このときばかりは、そう言った××の口は、三日月のように歪んでいた。
目がやけに笑っていた。
……。
十ヶ月目にサツキは産まれた。
結局、サツキが俺のことを見つめていた原因はわからずじまいだったが、いざ産まれてみると、それまで抱いていた恐怖はうそのように消えうせた。
やはり可愛いものである。
サツキはよく俺に懐いた。
産まれてから一年と少し経った頃だ。
サツキがはじめて言葉を口にした。
「パパ」
サツキが産まれてくる前、妻と、パパママどっちが先に呼ばれるか、と競っていたが俺に軍配があがったのだ。
よだれかけに大量の唾液をたらしながら、サツキは、
「パパ。

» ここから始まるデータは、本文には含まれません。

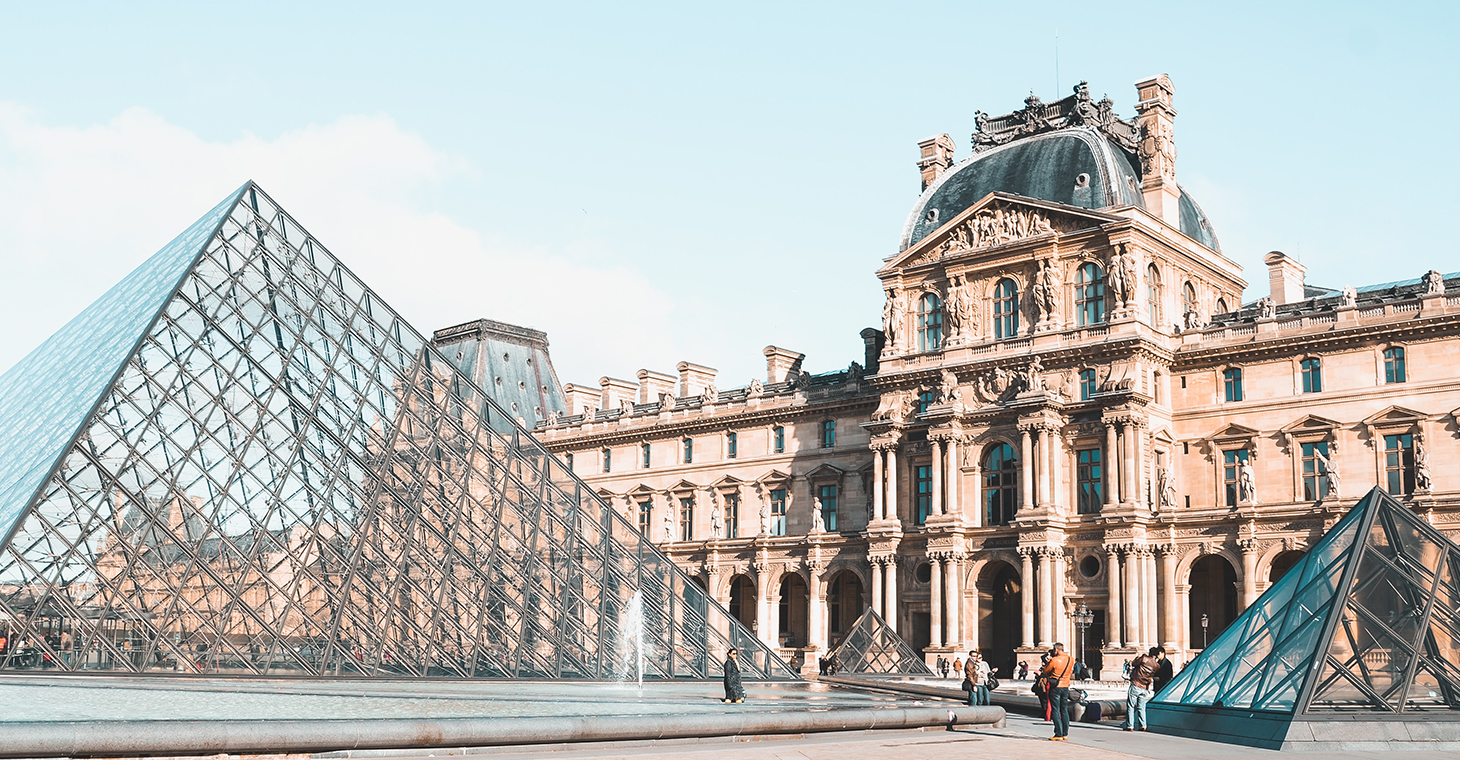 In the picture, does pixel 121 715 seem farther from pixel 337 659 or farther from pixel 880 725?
pixel 880 725

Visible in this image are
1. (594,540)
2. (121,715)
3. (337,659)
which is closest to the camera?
(121,715)

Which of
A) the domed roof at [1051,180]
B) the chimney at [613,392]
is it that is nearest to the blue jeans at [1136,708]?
the domed roof at [1051,180]

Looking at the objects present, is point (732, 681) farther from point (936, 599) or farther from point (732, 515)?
point (732, 515)

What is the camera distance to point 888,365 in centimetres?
4847

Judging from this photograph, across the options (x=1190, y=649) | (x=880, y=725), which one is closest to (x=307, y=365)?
(x=880, y=725)

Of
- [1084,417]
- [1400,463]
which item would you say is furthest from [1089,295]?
[1400,463]

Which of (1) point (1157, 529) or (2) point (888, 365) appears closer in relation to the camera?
(1) point (1157, 529)

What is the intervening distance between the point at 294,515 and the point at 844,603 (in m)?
29.9

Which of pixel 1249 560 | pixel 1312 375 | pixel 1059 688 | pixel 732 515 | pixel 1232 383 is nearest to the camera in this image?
pixel 1059 688

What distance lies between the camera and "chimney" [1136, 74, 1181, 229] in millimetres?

パパ」
と連呼する。
俺は思わず妻に自慢した。
「ママより先だったぞ。やった!」
だが妻は浮かない顔をしていた。そんなにパパが先だったことが、ショックだったのだろうか、と俺が思ったときだ。
妻は言った。
「サツキ。あなたのパパは、もういないのよ」
は?
何を言ってるんだ? そんな面白くもない冗談。
妻は、サツキを抱き寄せて続けた。
「パパはね、あなたが産まれてくる前に会社に殺されたの」
いい加減にしないと怒るぞ、と言おうとしたときだった。シーリングライトが、何かに反射して眩しかった。
光をはねかえしたものは妻の化粧鏡だ。
鏡面には、妻とサツキの姿のみが映っていた。
サツキは虚空にむけて、手を振り、パパと言っていた。
その時思いだしたのだ。
俺の会社が、育児休暇なんかくれるわけのない、ブラック企業だったこと。
休暇をくれるどころか、俺の申請が上司の逆鱗に触れ仕事量を増やされたこと。
その挙句に、俺が過労死したこと。
もうひとつ、わかったことがある。
××が「みえているんじゃない?」と言った理由だ。